WORK REQUIRED: What the answer must hold is the line containing "Botticelli-primavera Nyckelring" and all lines after it through the end of the listing, copied exactly, with pictures left out.

GIVEN INFORMATION:
↓↓↓
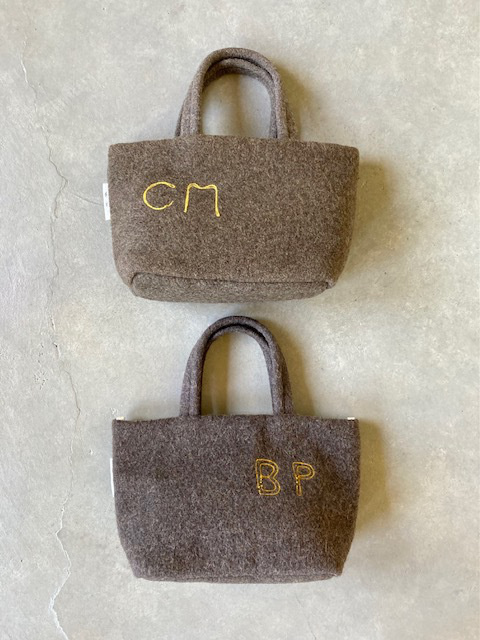 ARTE POVERA フランスブランケット RE-BAG(M)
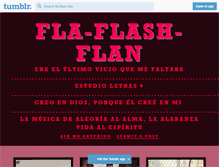 Tablet Screenshot of fla-flash-flan.tumblr.com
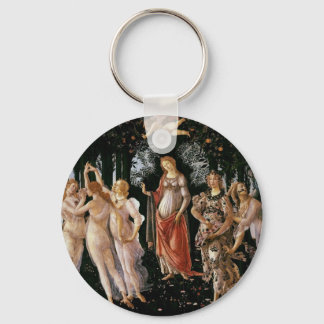Botticelli-primavera Nyckelring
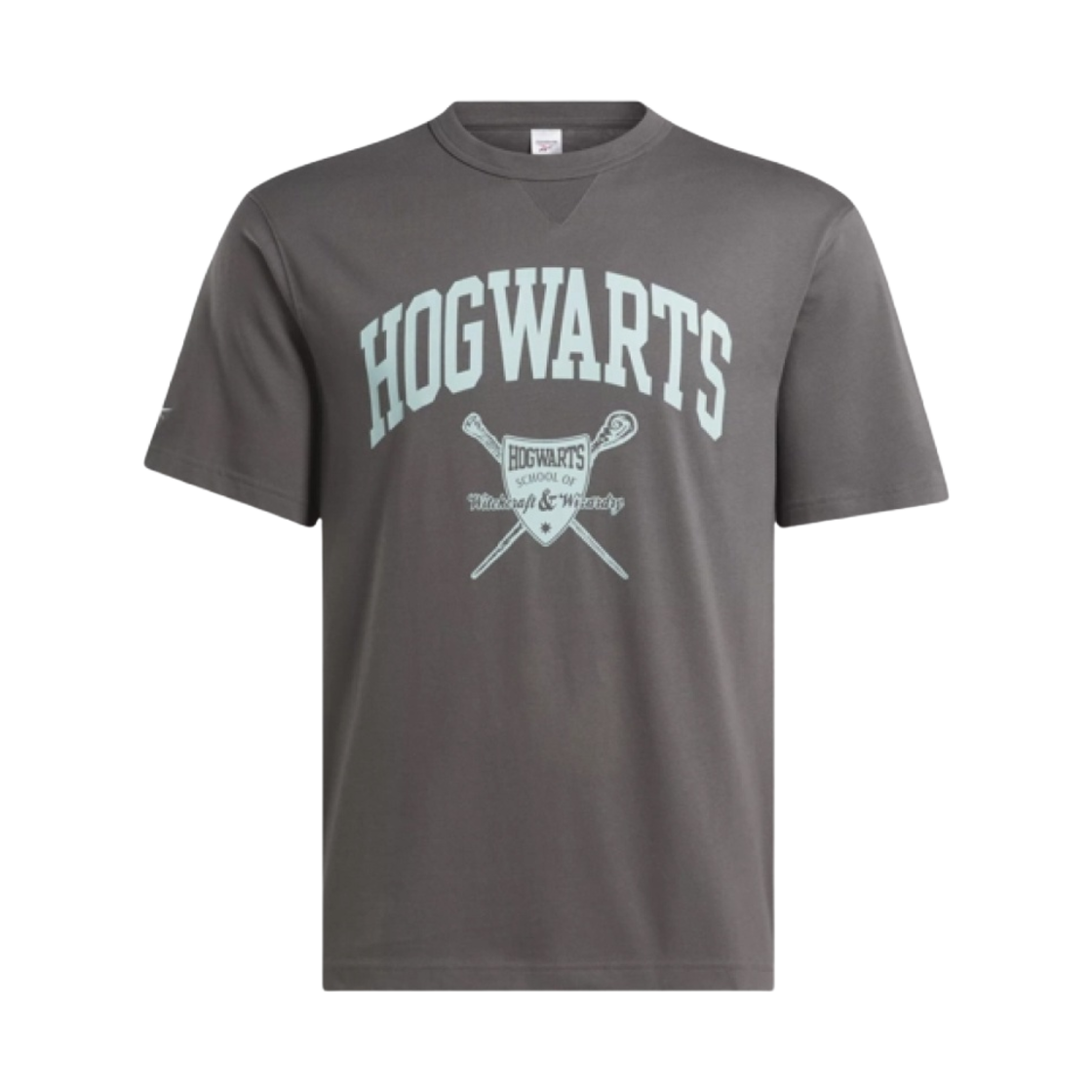 리복 x 해리포터 숏슬리브 티셔츠 에센셜 그레이 - US 사이즈(Reebok x Harry Potter Short Sleeve T-Shirt Essential Grey - US Sizing)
↑↑↑
ANSWER:
Botticelli-primavera Nyckelring
 리복 x 해리포터 숏슬리브 티셔츠 에센셜 그레이 - US 사이즈(Reebok x Harry Potter Short Sleeve T-Shirt Essential Grey - US Sizing)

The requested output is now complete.